SigFinder
SigFinder is a tool for the automatic mining of statistically significant substructures from a graph database. Substructures are considered "significant" if they are unusually rare or abundant as compared to a given background database. SigFinder employs a novel graph mining algorithms called GraphSig to detect and rank these structures efficiently. It provides the user with an explanation of the significance (e.g., "rare in background but x occurences in the test set") and details where the substructures occured. By choosing different background datasets or similarity measures, users can easily customize SigFinder based on their needs.

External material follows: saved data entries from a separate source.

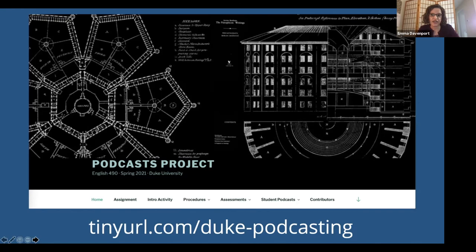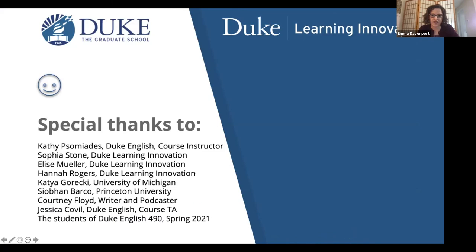I'm also happy to discuss any part of the website in more detail in the Q&A. Thank you to all the contributors to this project.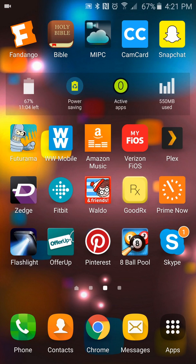Okay mom, I'm gonna go ahead and make a video for you on how to download albums or songs from Amazon Music with your Prime account. You'll have to just ignore the background sounds you're gonna hear.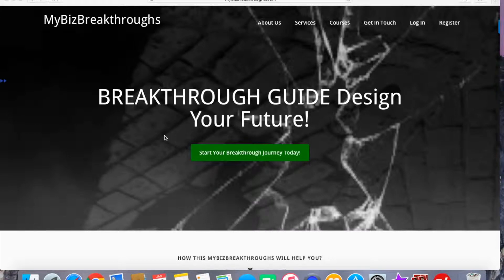Hey guys, Janku Wah here from Ibis Breakthroughs. Have you ever spent tons of hours writing great content for your blog, building an attractive and beautiful website, or even building your mailing list, but in the end,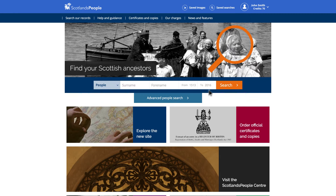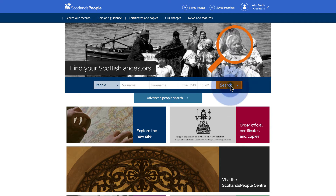Option 1 is our quick search function. After registration, you can search our indexes and view a list of search results free of charge, up to the point where you want to view or download a digital image.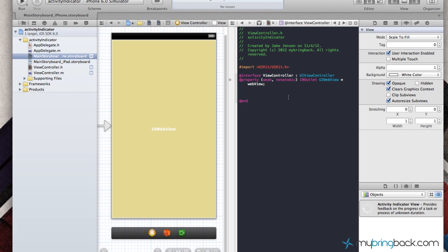Hey guys, welcome back to the iOS tutorials. In this tutorial we're going to be going over the activity indicator, and also got a little game for you.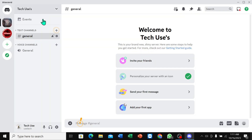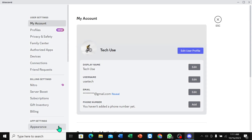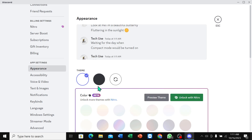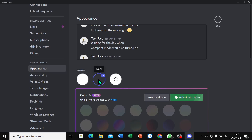Scroll down, select Appearance, then select Black. Right now here you can see it's the black theme. So that's it. I hope you can understand. Thanks for watching.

SigFinder/Chem Discovering What Really Matters
SigFinder/Chem is a specialized version of SigFinder tailored to cheminformatics. SigFinder/Chem can provide powerful SAR insights by applying it to an activity of interest. For example, mining a dataset of blood-brain barrier permeable compounds will result in chemical compounds whose absence or presence may contribute to this activity. Further investigations can then be undertaken, for example by finding similar other compounds that may have the same chemical property via our SimFinder tool.

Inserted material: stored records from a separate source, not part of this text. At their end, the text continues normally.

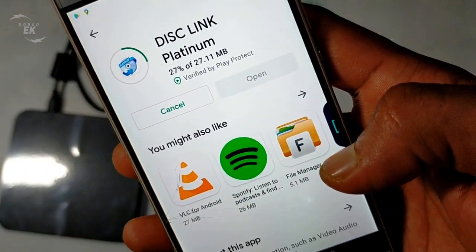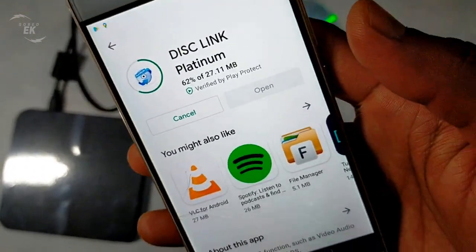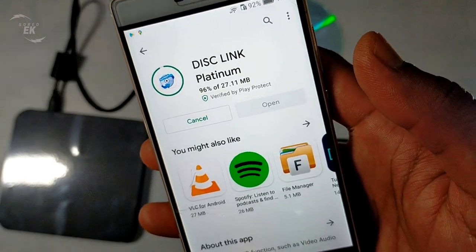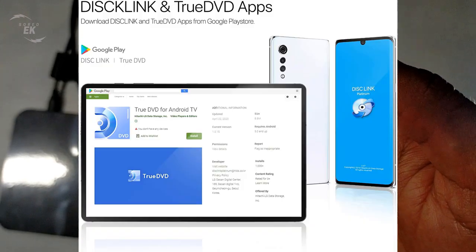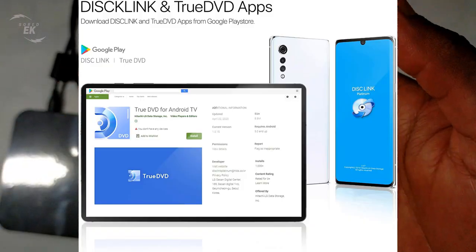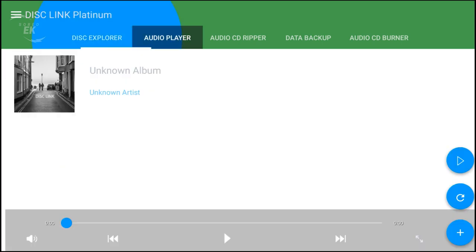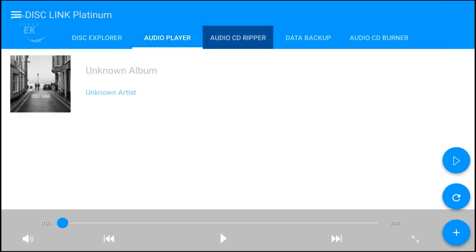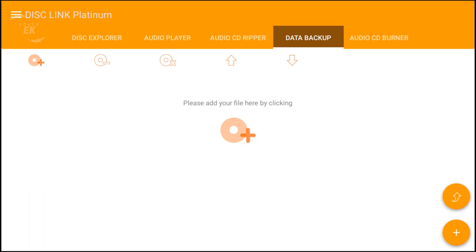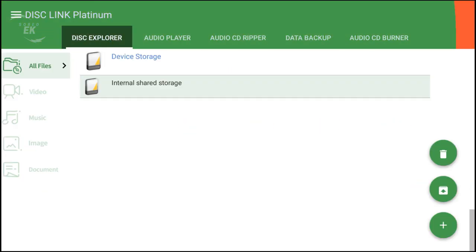It offers two applications: Disc Link Platinum and True DVD Plus. Disc Link Platinum can be used for various tasks like play and copy DVD/CD, play audio CDs, rip audio CDs, backup, burn audio CDs and DVDs.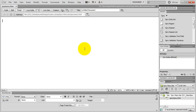Hey everybody, Greg Davies here. In this video I'm going to show you how to create a spry menu bar in Dreamweaver. First I'm going to show you how to place it in your page and then I'm going to show you how to edit it to make it look exactly the way you want it to look. Let's get started.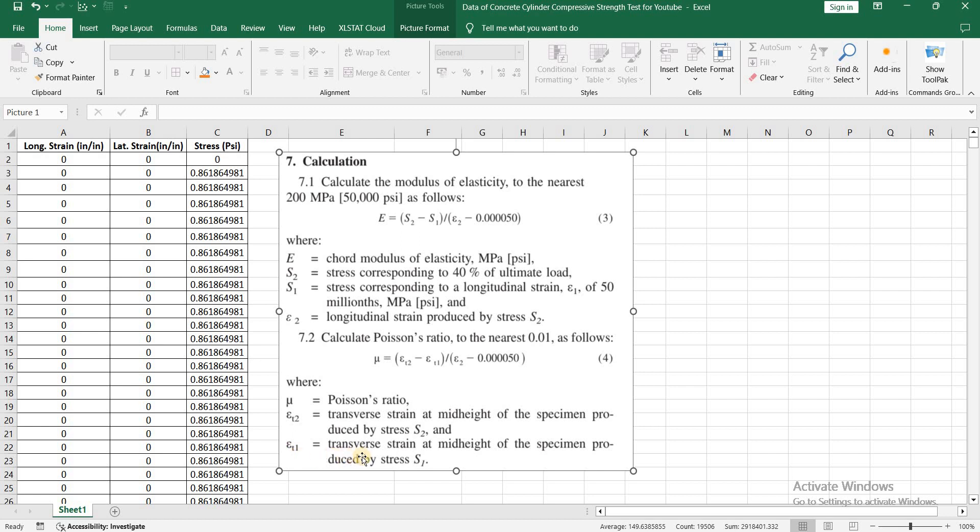Epsilon T1 is the transverse strain at mid-height of the specimen produced by S1.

SigFinder is extremely easy to use and can be applied to small and large compound repositories. The generated output will rank the results from most over-represented fragments discovered to most under-represented ones, allowing for meaningful browsing.
An example input and output is shown in the following figure:

The substructures identified on the right will be tagged as over- or under-represented and given a score indicating how "unusual" they are relative to the background dataset.

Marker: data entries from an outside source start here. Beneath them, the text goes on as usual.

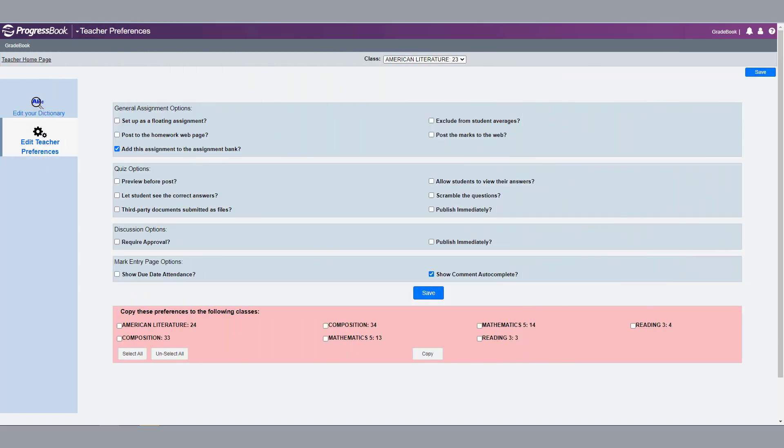On the Teacher Preferences screen, with a class in context, select Show Comment Autocomplete in the Mark Entry page options. Click Save.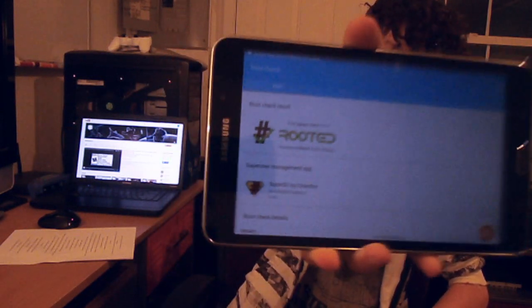Hello tech enthusiasts! Today I'm going to show you how to root the Samsung Galaxy Tab 4 for real.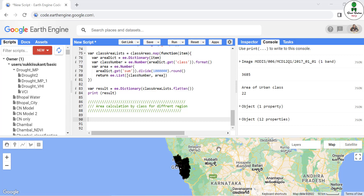Hello and welcome to the channel JeoGuru. In this part, we are going to calculate the area of each and every region of the state, for each and every class of the land use land cover.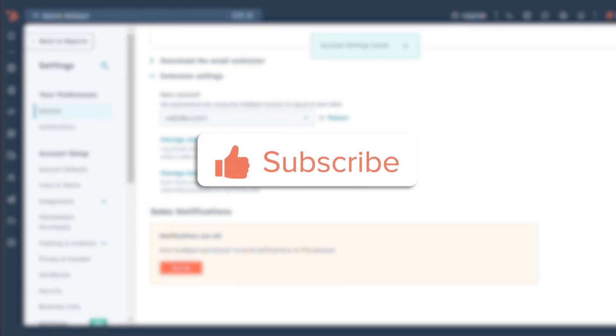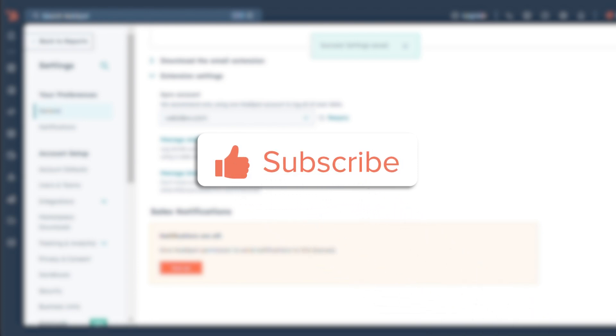If you found this tutorial helpful, hit the like button and subscribe to HubSpot tutorials by Webdo for more informative content.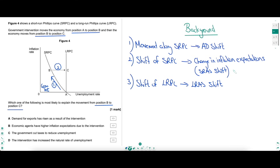The movement from A to B up the SRPC curve will be a shift of AD to the right. The government intervention here might have been an increase in government spending or running a budget deficit. We see the natural outcomes of lower unemployment and higher demand-pull inflation. But the movement from B to C would be a shift of the SRPC curve itself.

It is important to note that SigFinder does not only return significant substructures but also information about why a substructure is deemed significant and where it is found. This is extremely valuable information to the medicinal chemist. Such mechanistic interpretations are currently lacking in competing tools. More examples demonstrating the quality of SigFinder results can be found here: → SigFinder Quality
SigFinder can be used in conjunction with our SimFinder tool. This is shown in the flow below.

Starting from a database of known actives, SigFinder can be employed to discover fragments that may be related to the activity (in addition or as a replacement of traditional visual identification). The resulting significant substructures can then be used as queries for SimFinder to find new candidate actives.
SigFinder/Chem can be easily integrated into existing workflows as it supports both MOL2 and SDF data formats.